>>>>

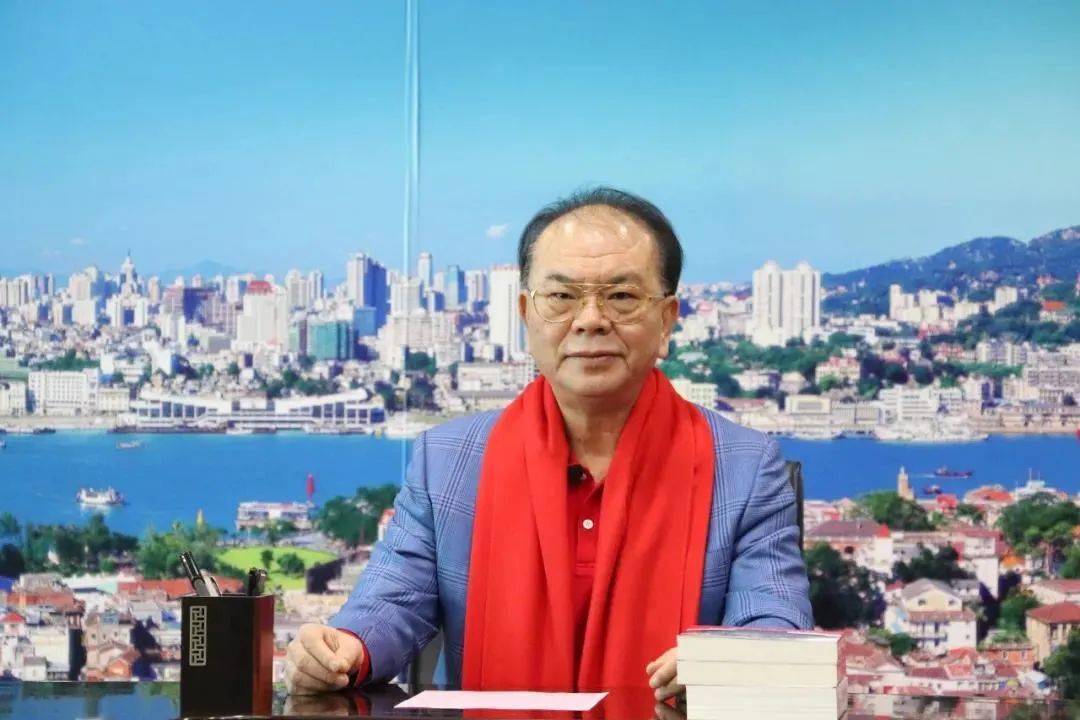 照明圈最强二代?!临危受命的他,5年将企业营收做到125亿…谁?_三安光电_林志强_董事长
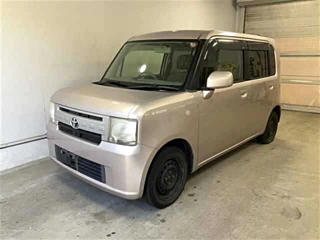 TOYOTA PIXIS SPACE 2012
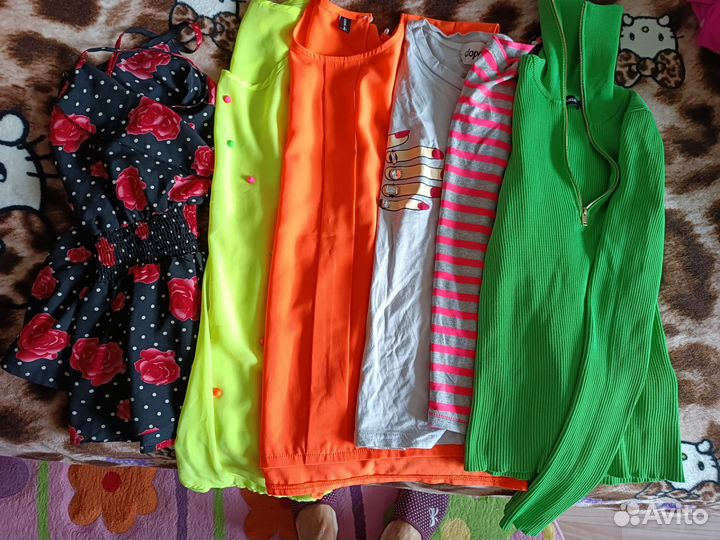 Одежда для девушек пакетом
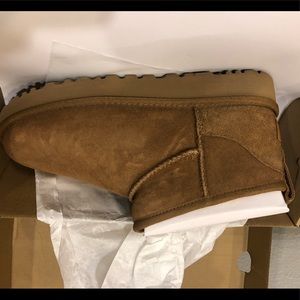 UGG Classic ultra mini size 8 bootie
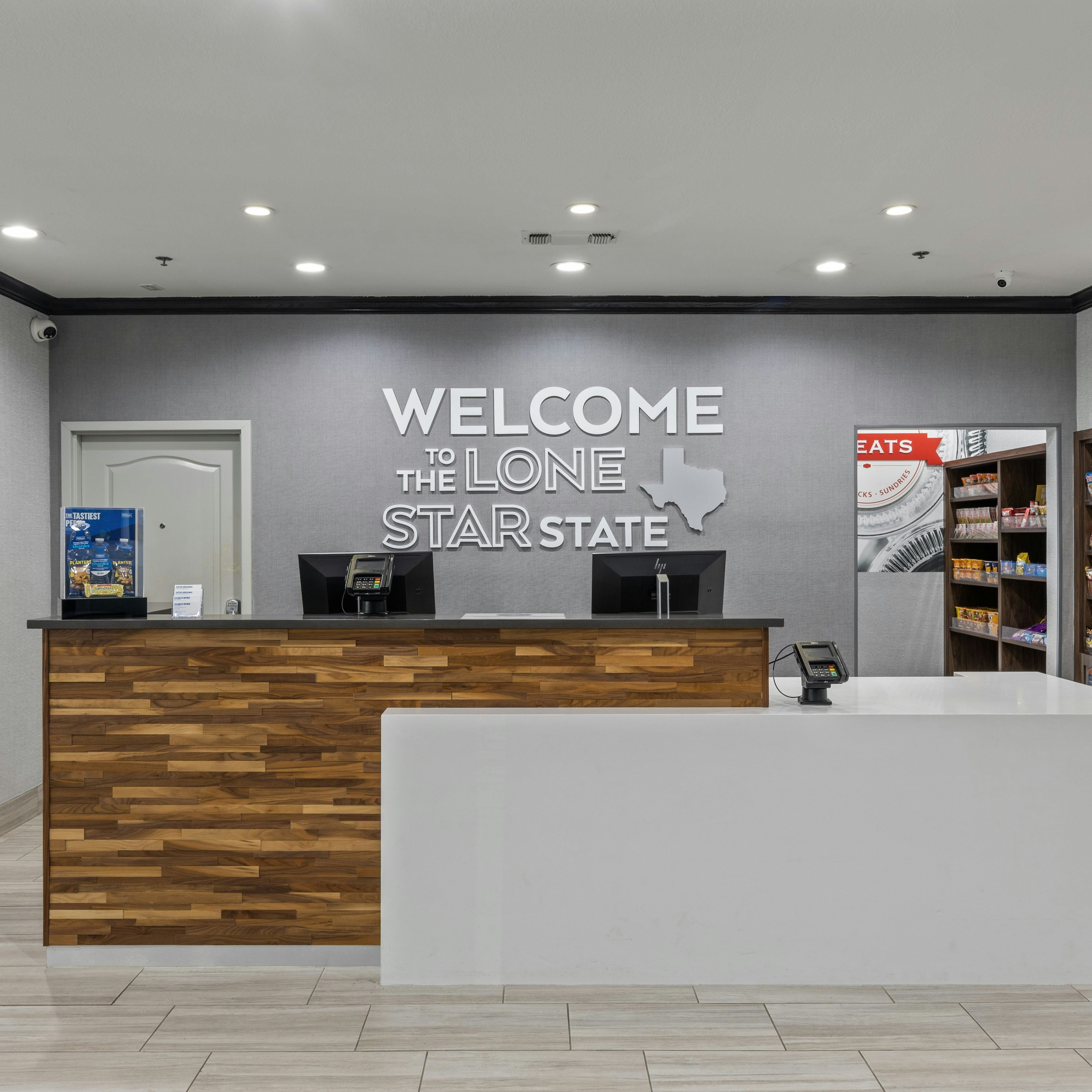 Hampton Inn and Suites Denison, TX 11/60
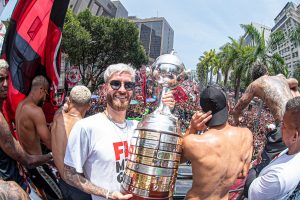 Zagueiro Léo Pereira exibe taça da Libertadores (2022) em festa com a torcida do Flamengo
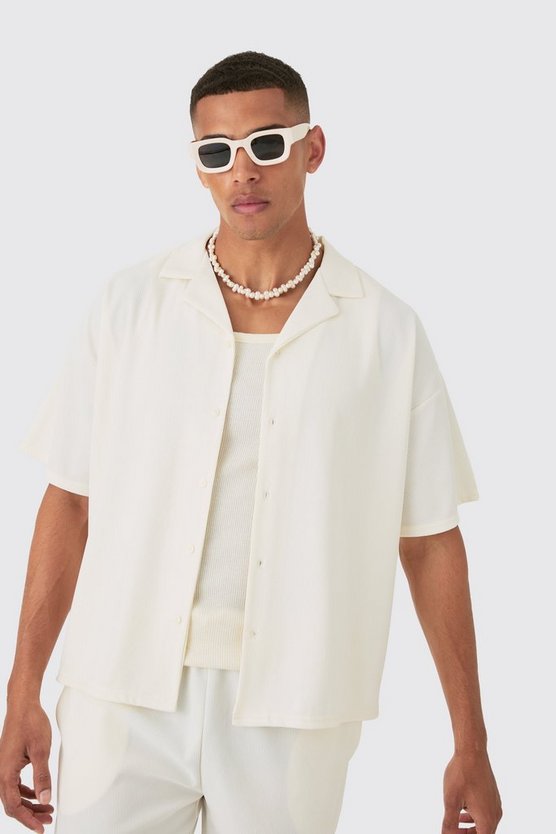 Kurzärmliges kastiges geripptes Hemd & Shorts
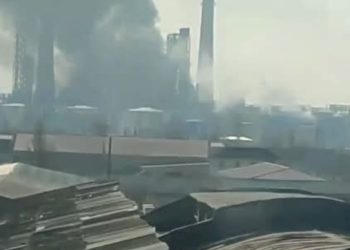 Bakıda Neft emalı zavodunda yanğın başlayib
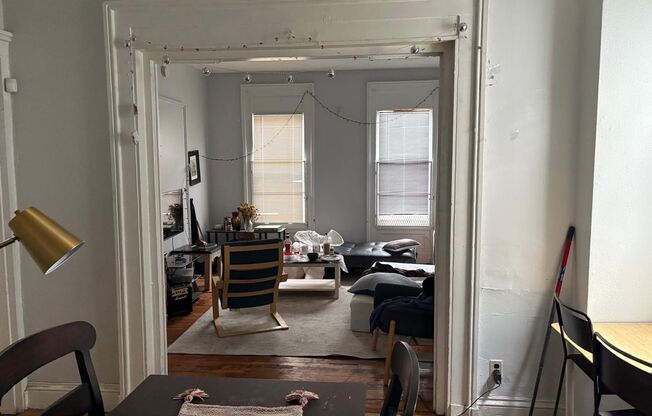 395 Crown Street 6 Bed 2 Bath House - Get One Month Free Rent!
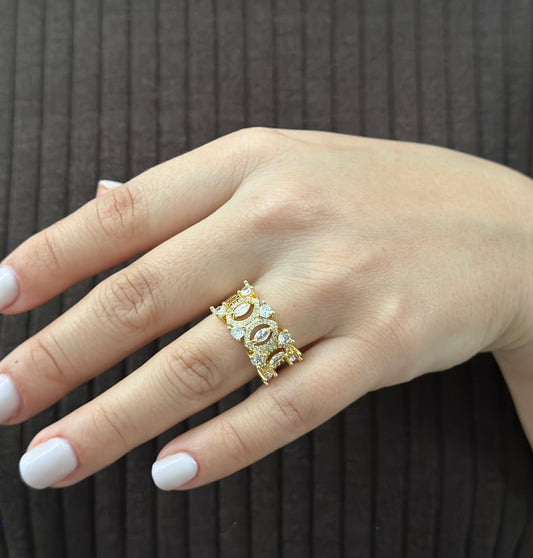 ALICE QUEEN GOLD RING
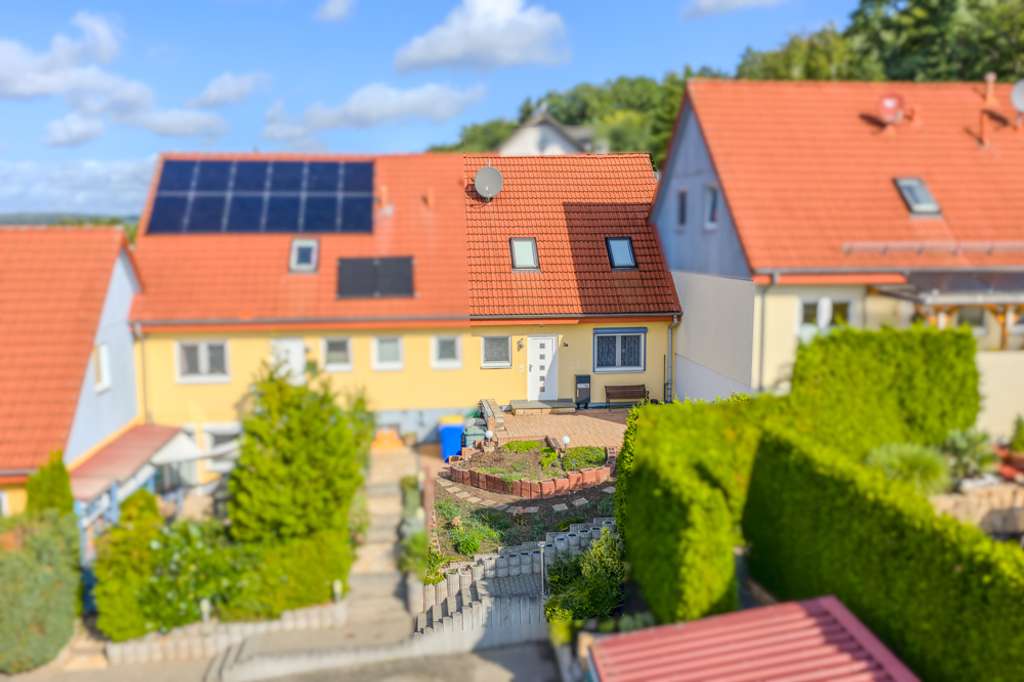 Immobilie in Weimar (Lahn) - ++ KRAG Immobilien ++ Kompaktes Familienhaus mit Terrasse, Freisitz, Garten und viel Nutzfläche - Bild 1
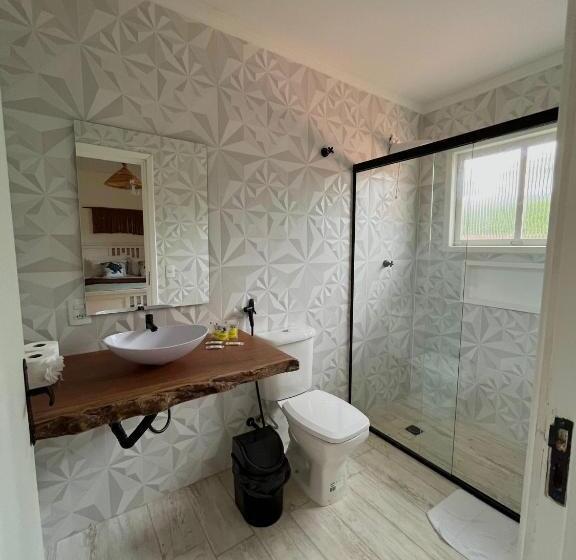 高级三人间, Pousada Orquídeas Do Guarujá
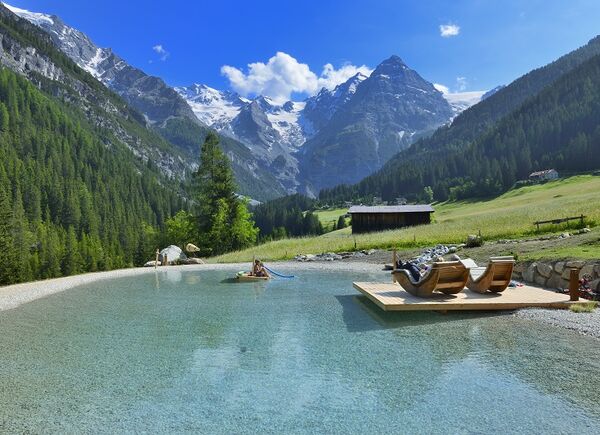 All'Hotel Bella Vista, sullo Stelvio, si riparte con “Sciare con Gustav Thöni & in Bici con Francesco Moser”.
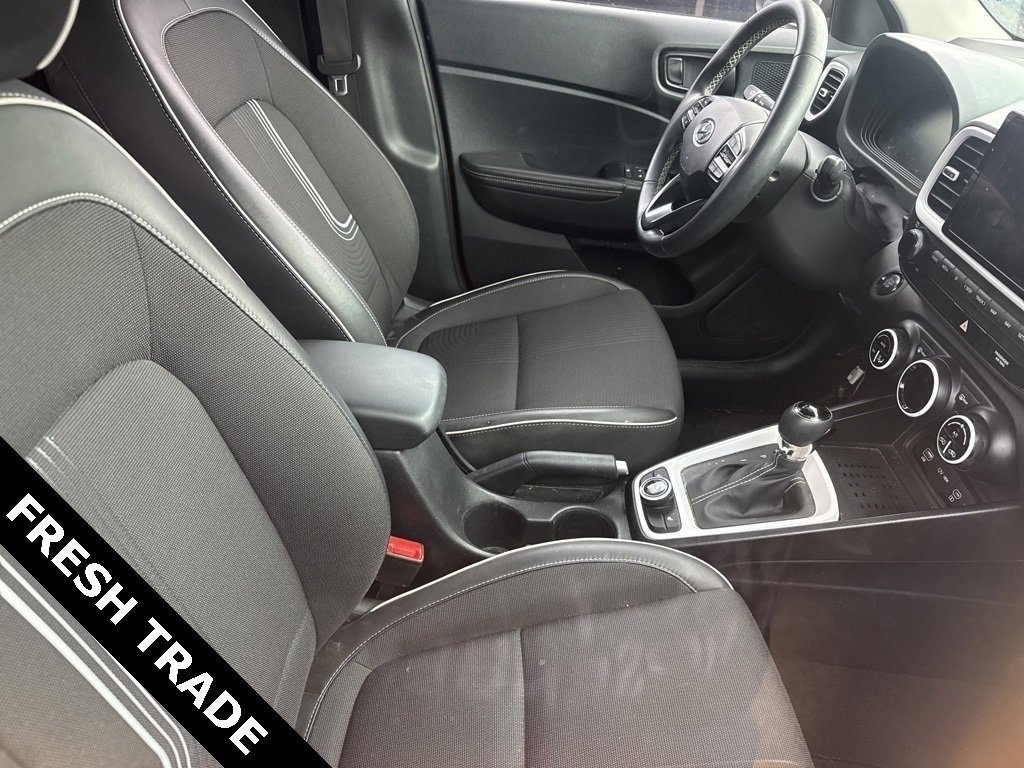 Used 2024 Hyundai Venue Limited image 8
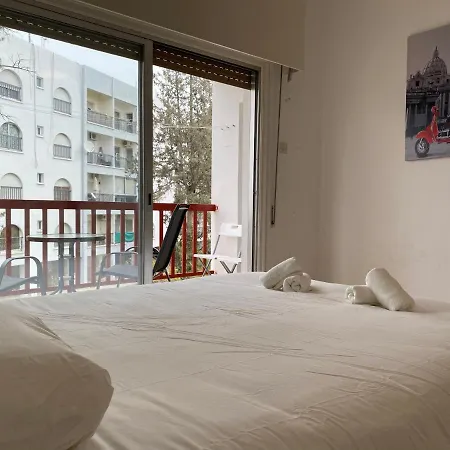 Appartement 1-Bedroom Flat 200M From The Beach In Tourist Area Limassol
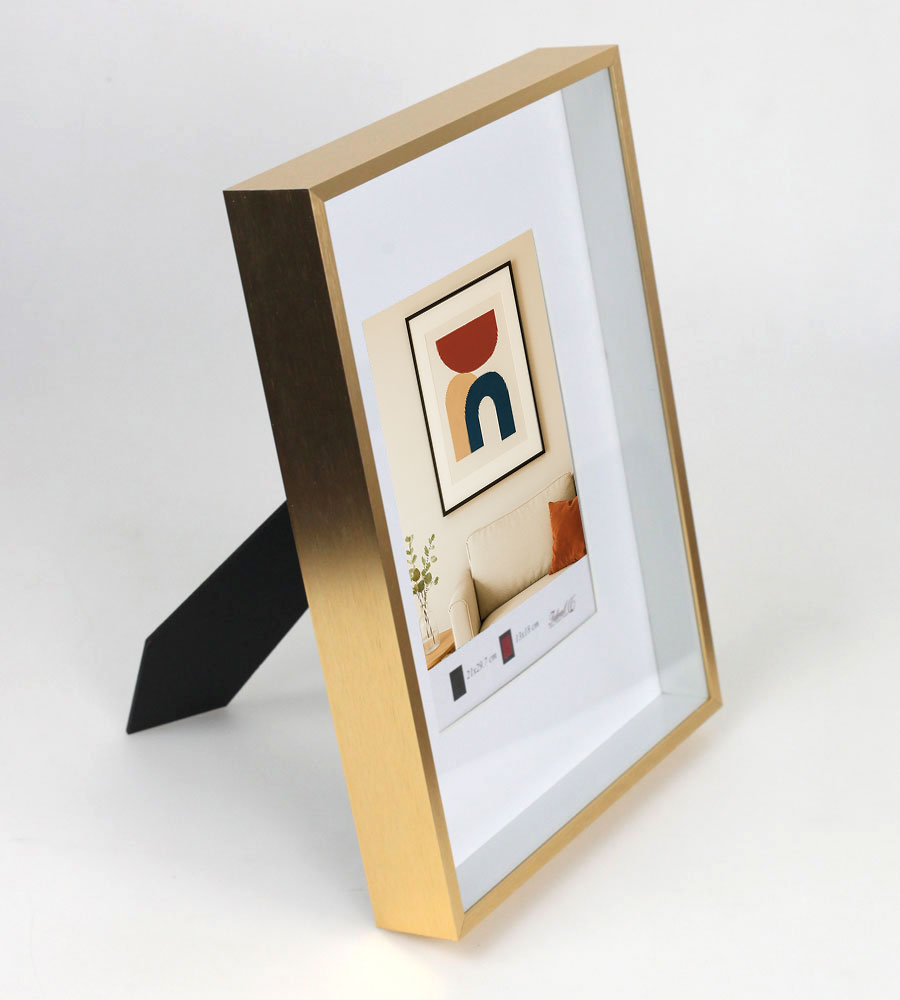 Aluminium Bilderrahmen 3D Rahmen mit Passepartout & gehärtetem Glas Fotorahmen Wandrahmen AL-3 - Farbe: Gold | Format: 21x29,7 DIN A4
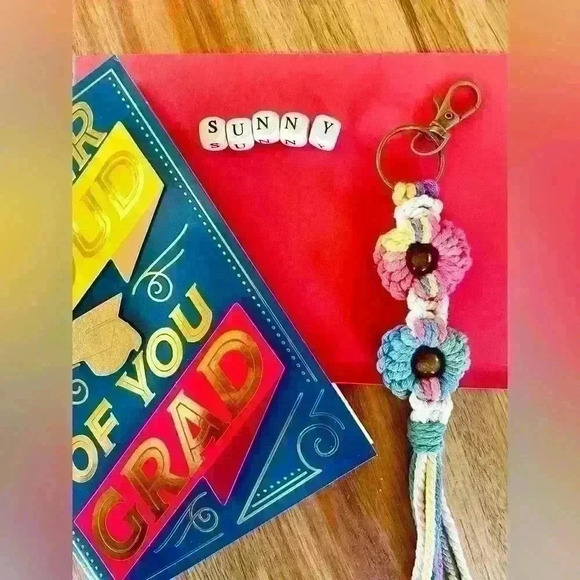 Rainbow flower keycharms - Picture 3 of 5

<<<<

Return exactly the part of the listing above that opens with the line containing "Одежда для девушек пакетом" and closes with the line containing "ALICE QUEEN GOLD RING". Pictures stay out.

 Одежда для девушек пакетом
 UGG Classic ultra mini size 8 bootie
 Hampton Inn and Suites Denison, TX 11/60
 Zagueiro Léo Pereira exibe taça da Libertadores (2022) em festa com a torcida do Flamengo
 Kurzärmliges kastiges geripptes Hemd & Shorts
 Bakıda Neft emalı zavodunda yanğın başlayib
 395 Crown Street 6 Bed 2 Bath House - Get One Month Free Rent!
 ALICE QUEEN GOLD RING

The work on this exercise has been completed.